Marvel will defend its ownership of Ghost Rider before a jury after a federal judge on Thursday set a Nov. 4 trial for writer Gary Friedrich”s lawsuit against the publisher.
U.S. District Judge Katherine Forrest made the order a little more than two weeks after the 2nd Circuit Court of Appeals overturned her 2011 decision rejecting Friedrich”s claims that the copyright to the Spirit of Vengeance reverted to him a decade earlier. According to Deadline, Marvel”s lawyers indicated Thursday in a conference meeting that they won”t challenge the appeals court ruling, and will file a motion for a jury trial.
Friedrich, long credited as co-creator of the character with Roy Thomas and Mike Ploog, filed the lawsuit in April 2007, shortly after the release of Columbia Pictures” Ghost Rider movie, accusing the studio, Marvel, Hasbro and other companies of copyright infringement, false advertising and unfair competition, among other counts. The film grossed $228 million worldwide; the 2012 sequel, Ghost Rider: Spirit of Vengeance, earned $132.5 million.
The writer asserted he created Johnny Blaze/Ghost Rider in 1968 and, three years later, agreed to publish the character through Magazine Management, which eventually became Marvel Entertainment. Under the agreement, the publisher held the copyright to the character”s origin story in 1972′s Marvel Spotlight #5, and to subsequent Ghost Rider works. However, Friedrich alleged the company never registered the work with the U.S. Copyright Office and, pursuant to federal law, he regained the copyrights to Ghost Rider in 2001.
But in December 2011, Forrest ruled in Marvel”s favor, saying finding Friedrich gave up ownership to the property when he endorsed checks that contained language relinquishing rights to Marvel”s predecessors. The judge said the writer signed over all claims to the character in 1971 and again in 1978 in exchange for the possibility of more freelance work for the publisher. (Two months later, Marvel agreed to abandon its 2010 countersuit accusing Friedrich of trademark infringement if the writer would pay $17,000 in damages and stop selling unauthorized Ghost Rider merchandise.)

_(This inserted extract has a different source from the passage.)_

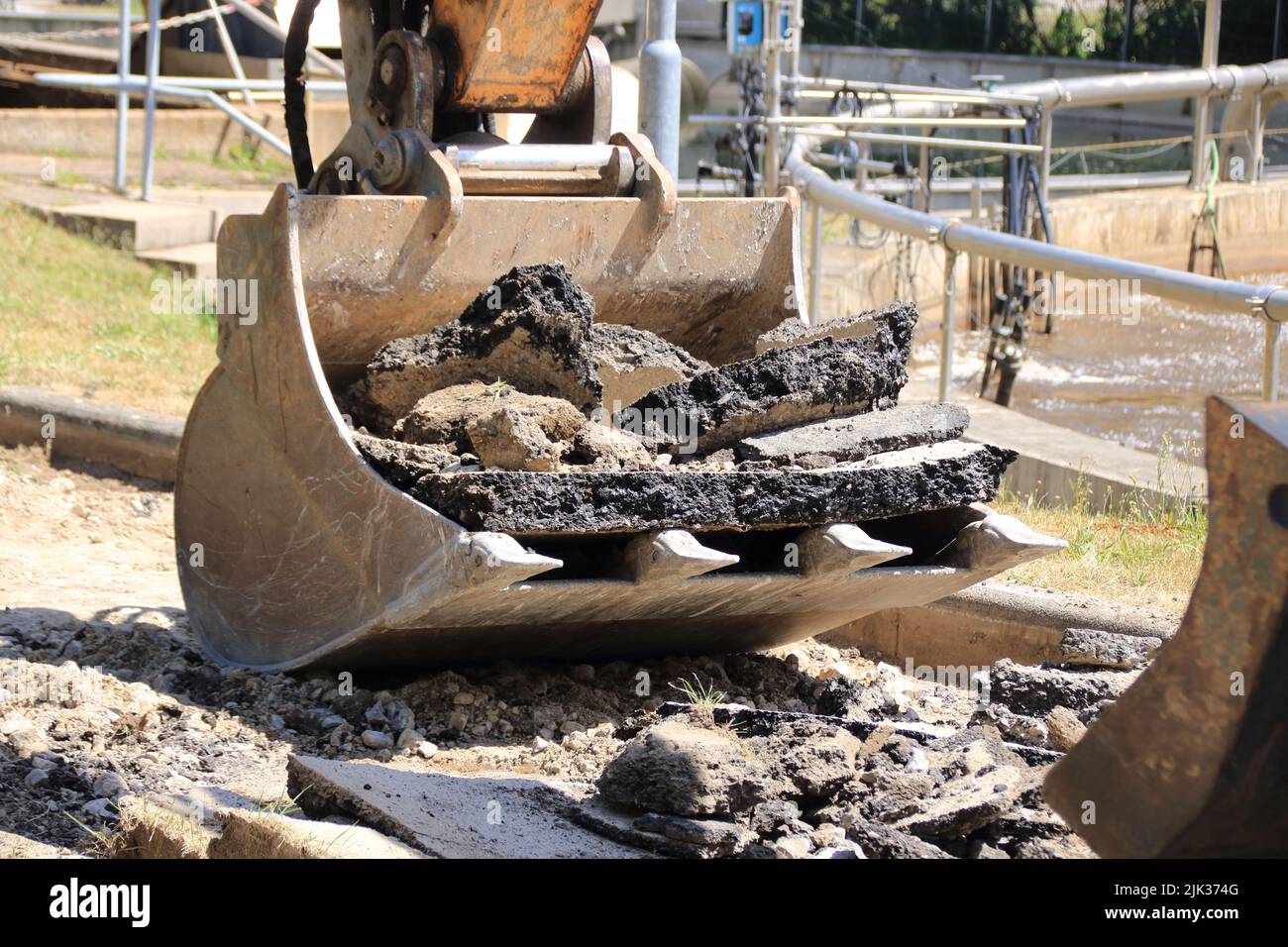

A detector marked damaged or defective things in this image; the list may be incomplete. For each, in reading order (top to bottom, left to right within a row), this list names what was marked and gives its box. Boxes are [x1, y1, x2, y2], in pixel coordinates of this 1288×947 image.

Friedrich appealed in July, arguing the court erred in ruling that the language on the back of Marvel paychecks in the early 1970s and in the 1978 contract were sufficient to constitute transfer of copyright. However, his attorney also reasserted the claim that the agreement was entered into under duress, with Friedrich told “if I wanted to continue to work for Marvel that I would have to sign it.” The 2nd Circuit sided with Friedrich, ruling that the 1971 agreement with Marvel “is ambiguous on its face,” and wasn”t clear “whether it covered a work published six years earlier” or “whether it conveys renewal rights.”